• **What is being asked**: Each line from the one holding "[LINE着せ替え] Black &" to the last line of the listing must be set down exactly. No pictures are to be included.

[Data in this exercise Boundary: Start]

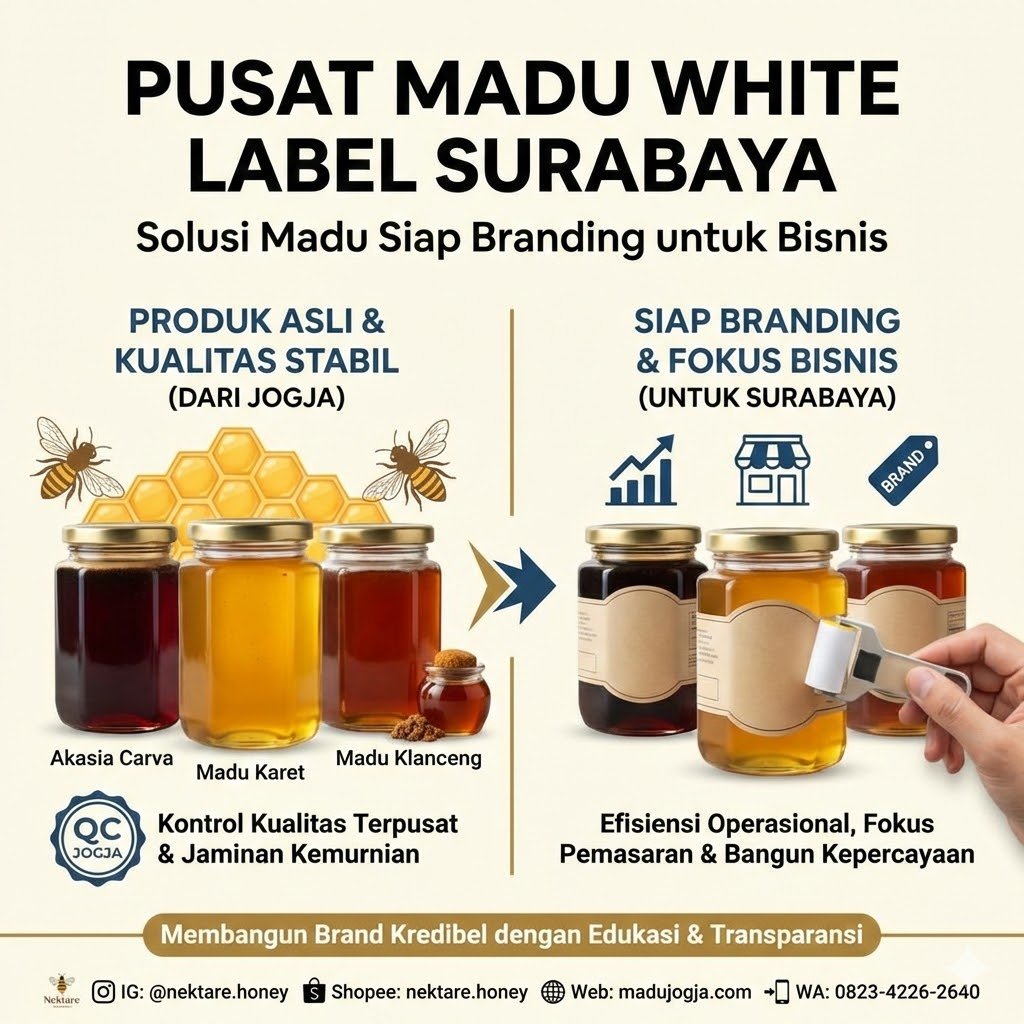 Pusat Madu White Label Surabaya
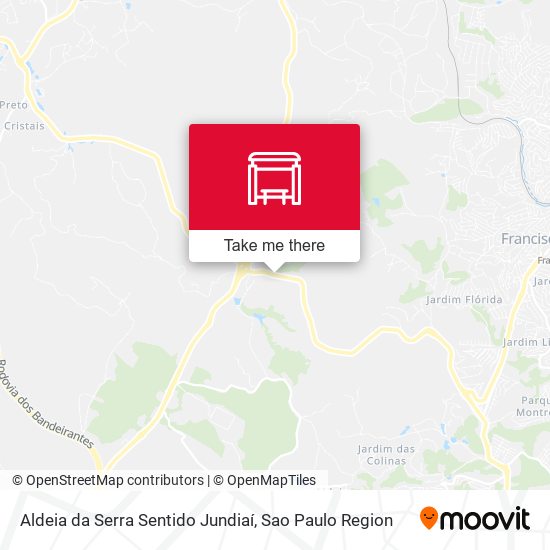 Aldeia da Serra Sentido Jundiaí map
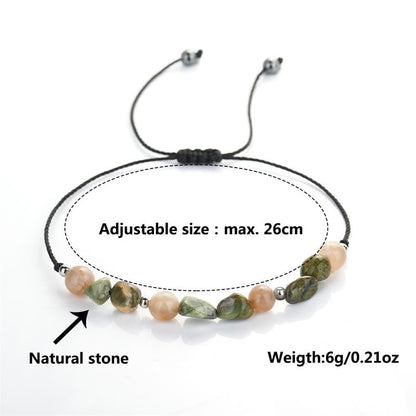 Buddha Stones You Are Amazing Rhyolite Sun Stone Positive Bracelet
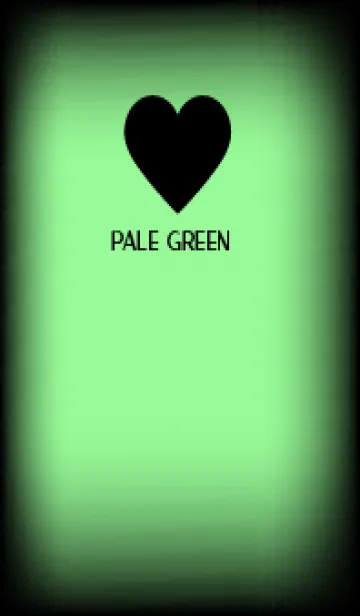 [LINE着せ替え] Black & Pale Green Theme V5 (JP)の画像1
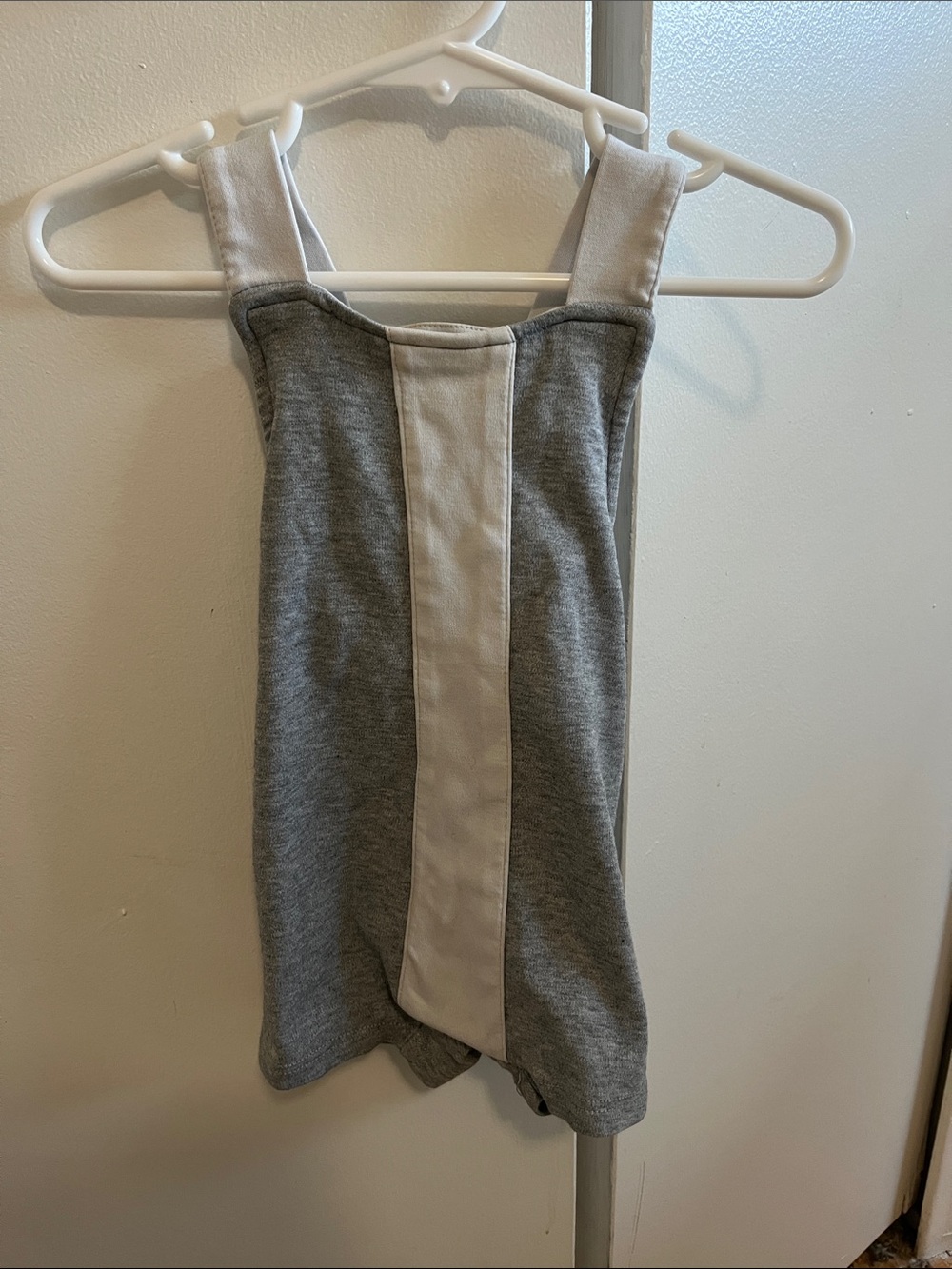 Lux Gray and White Kids One-Piece Romper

[Data in this exercise Boundary: End]

• **Solution**:
 [LINE着せ替え] Black & Pale Green Theme V5 (JP)の画像1
 Lux Gray and White Kids One-Piece Romper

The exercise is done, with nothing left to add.